Special care is taken in relation to clinical information, including:

  • Therapy notes and assessments
  • Group therapy participation
  • Reports to employers, insurers, or legal entities

Information is:

  • Shared only with appropriate consent or legal justification
  • Limited to what is necessary for the intended purpose

Group therapy confidentiality is emphasised, but cannot be fully guaranteed due to the nature of group settings.
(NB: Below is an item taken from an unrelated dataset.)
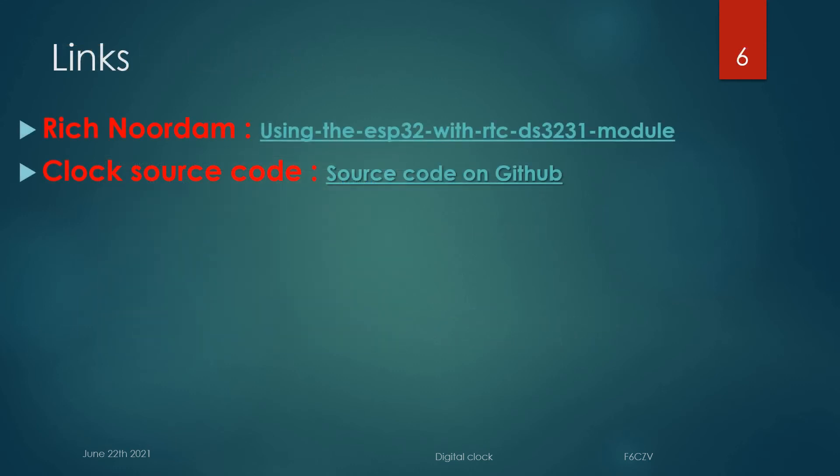Some useful links: First, a link to the Rich Nordam site, which contains the programs which allowed me to implement the digital clock. And the second link on Github to get the source codes of both versions.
  1. Sharing of Information

Personal information may be shared:

  • With treating professionals involved in care
  • With funders (e.g. medical schemes, insurers)
  • With employers (where consent or legal basis exists)
  • When required by law or court process

Only relevant information is disclosed.

  1. Internal Access and Multi-Site Operations

Authorised staff may access personal information:

  • Across practice locations (e.g. Johannesburg, Durban)
  • On a need-to-know basis

All access must comply with:

  • Confidentiality requirements
  • This Policy
  1. Digital Communication and Systems

Personal information may be processed via:

  • Email systems
  • Practice management software
  • Cloud-based storage platforms
  • Telehealth platforms

Use of informal communication tools (e.g. WhatsApp) must:

  • Be minimised
  • Maintain confidentiality
  • Avoid transmission of sensitive information where possible
  1. Employee and Contractor Information

The Practice processes personal information relating to:

  • Recruitment
  • Employment records
  • Performance and operational management

All employee information is:

  • Treated as confidential
  • Processed in accordance with POPIA and labour law
  1. Consent

Where applicable:

  • Consent will be obtained for collection and use of personal information
  • Consent may be withdrawn at any time, subject to legal or contractual limitations

Clients will be informed of:

  • The purpose of data collection
  • Consequences of withholding or withdrawing consent
  1. Data Subject Rights

Individuals have the right to:

  • Access their personal information
  • Request correction or updating
  • Request deletion where appropriate
  • Lodge a complaint

Requests must be submitted to the Information Officer.

  1. Information Officer

The Practice appoints an Information Officer responsible for:

  • POPIA compliance
  • Managing access requests
  • Handling complaints

Details:

  • Name: Haneke Jonas
  • Email: [email protected]
  • Address: Mayo Clinic 5, Joseph Lister St, Constantia Kloof, 1715.
  1. Breaches and Complaints

If a data breach or concern arises:

  • It must be reported immediately to the Information Officer
  • The Practice will investigate and respond as required

Complaints will be:

  • Acknowledged
  • Investigated
  • Responded to within a reasonable timeframe
  1. Staff Responsibilities

All staff must:

  • Maintain confidentiality
  • Handle information securely
  • Follow Practice policies and procedures
  • Report risks or breaches promptly

Failure to comply may result in disciplinary action.

  1. Policy Implementation and Review

The Practice:

  • Provides training on data protection
  • Maintains supporting procedures and forms
  • Reviews this policy periodically.